Таким образом, ночной пейзаж приобретает у Луиса де Леона мистическую трактовку: помимо своего символического значения он является средством мистического познания бытия.
Кроме идиллического пейзажа, на фоне которого разворачивается действие диалога, из пасторальных романов в “Имена Христа” пришла необыкновенная поэтичность, изящество и музыкальность языка, глубокий внутренний лиризм, который делает естественными переходы от прозы к поэзии.
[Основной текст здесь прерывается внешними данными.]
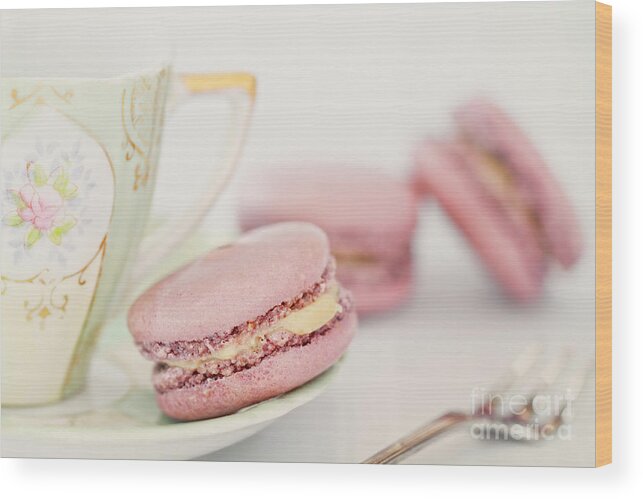 Macaron Wood Print featuring the photograph Macarons and Tea by Stephanie Frey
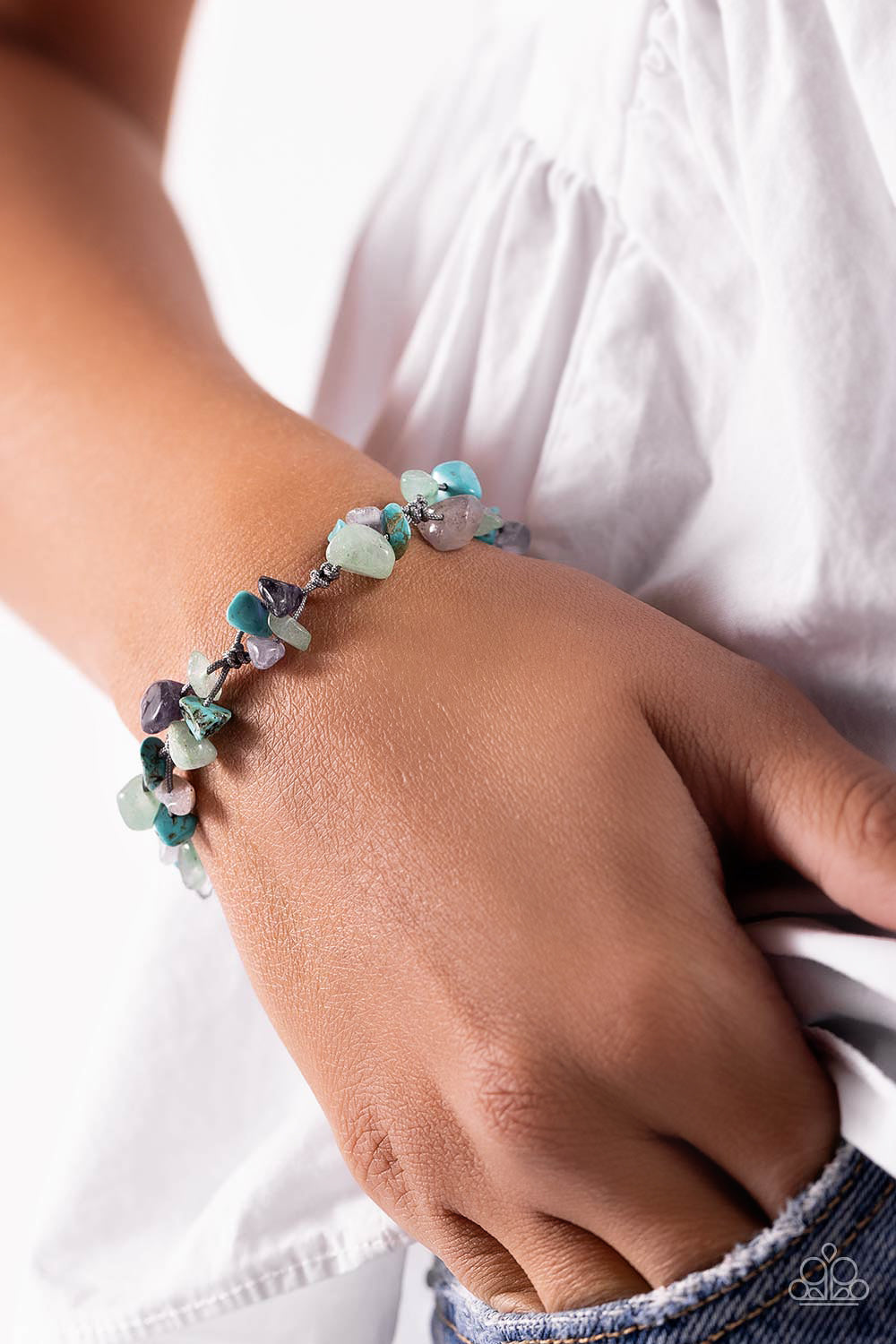 Paparazzi Accessories-Knotted Kingdom Green Chiseled Stone Bracelet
Однако действие в "Именах Христа" не всегда развивается на фоне буколического пейзажа. Например, во "Вступлении" к III книге двое участников диалога случайно встречаются во время прогулки на дороге, ведущей в город, и между ними завязывается дружеская беседа. Конечно, она имеет второстепенное значение и не имеет отношения к развитию главной темы диалога, но важна тем, что здесь Луис де Леон пытается воспроизвести обыкновенный разговор друзей, проходящий в шутливой форме, когда собеседники обсуждают сугубо бытовые проблемы и перекидываются незначащими фразами. В этом случае его характер разительно отличается от основного, философско-назидательного тона, хотя в нем также слышны поучительные нотки. В том же "Вступлении" есть еще один образец подобного разговора, и в нем на этот раз принимают участие все три персонажа. Он происходит в комнате одного из них (Марсело). В этих коротких сценках задается время и место действия III книги, которые объединяют ее, написанную позже, с двумя первыми (та же роща, что и в предыдущий день) и устанавливается главная тема - имя "Иисус" являющееся последним и основным в "Именах Христа".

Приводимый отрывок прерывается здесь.